[Short text fragments from websites]
Content starts

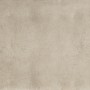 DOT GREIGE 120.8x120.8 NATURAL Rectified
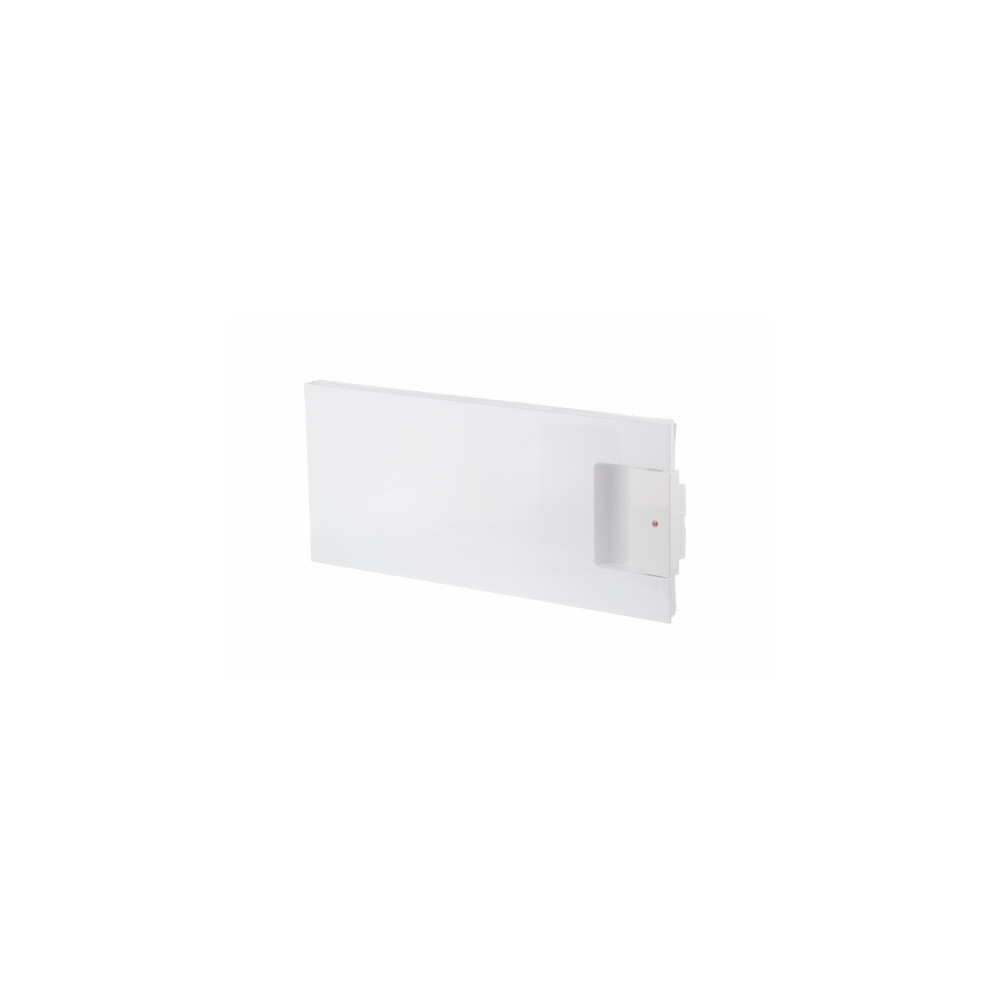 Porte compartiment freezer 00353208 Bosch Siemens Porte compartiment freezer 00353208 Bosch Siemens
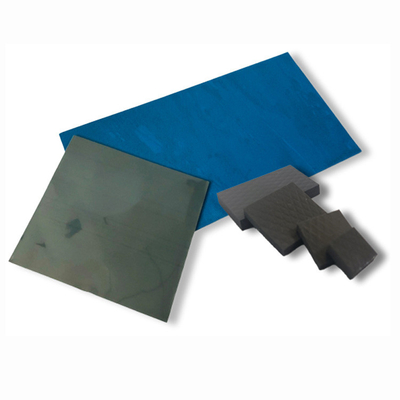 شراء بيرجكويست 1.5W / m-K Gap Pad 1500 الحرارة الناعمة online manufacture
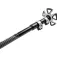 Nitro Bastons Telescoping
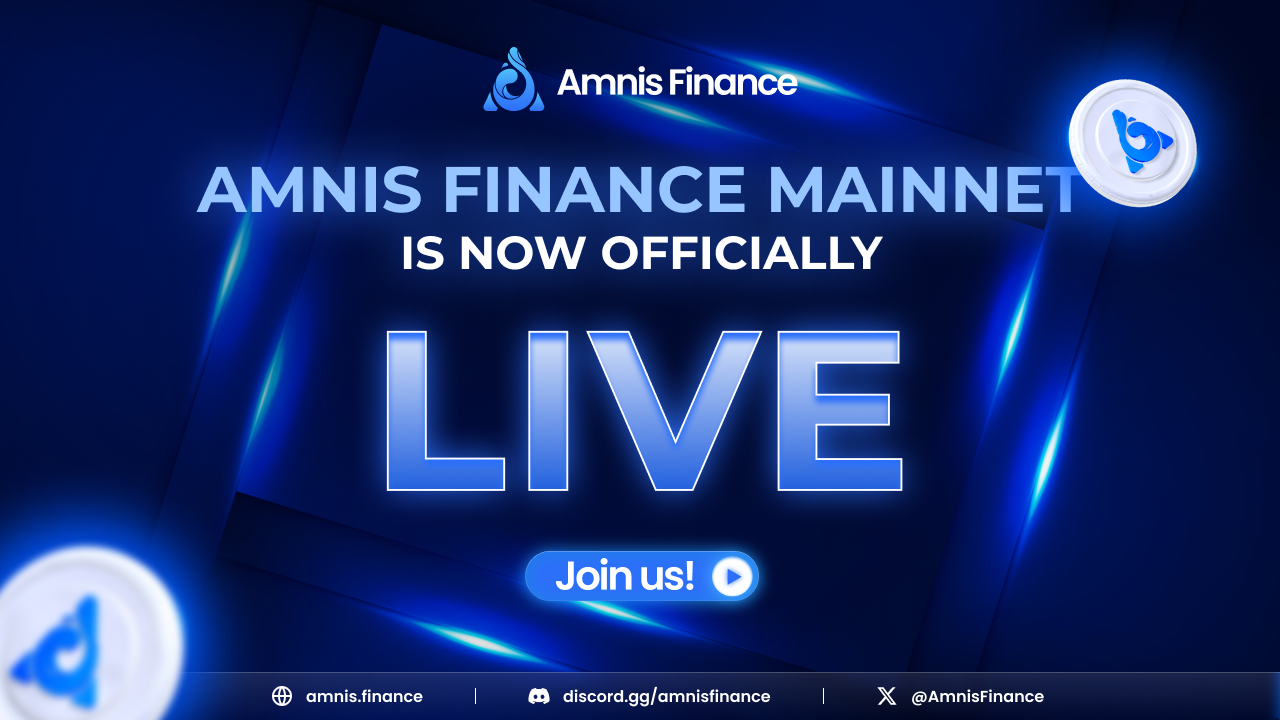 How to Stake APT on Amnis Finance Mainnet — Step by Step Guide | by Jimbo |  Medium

Content ends

● **WHAT YOU WILL DO**
Pictures are to be dropped; the lines from the start of the entries above through the line with "Nitro Bastons Telescoping" are to be given again verbatim.

● **OUTPUT**
 DOT GREIGE 120.8x120.8 NATURAL Rectified
 Porte compartiment freezer 00353208 Bosch Siemens Porte compartiment freezer 00353208 Bosch Siemens
 شراء بيرجكويست 1.5W / m-K Gap Pad 1500 الحرارة الناعمة online manufacture
 Nitro Bastons Telescoping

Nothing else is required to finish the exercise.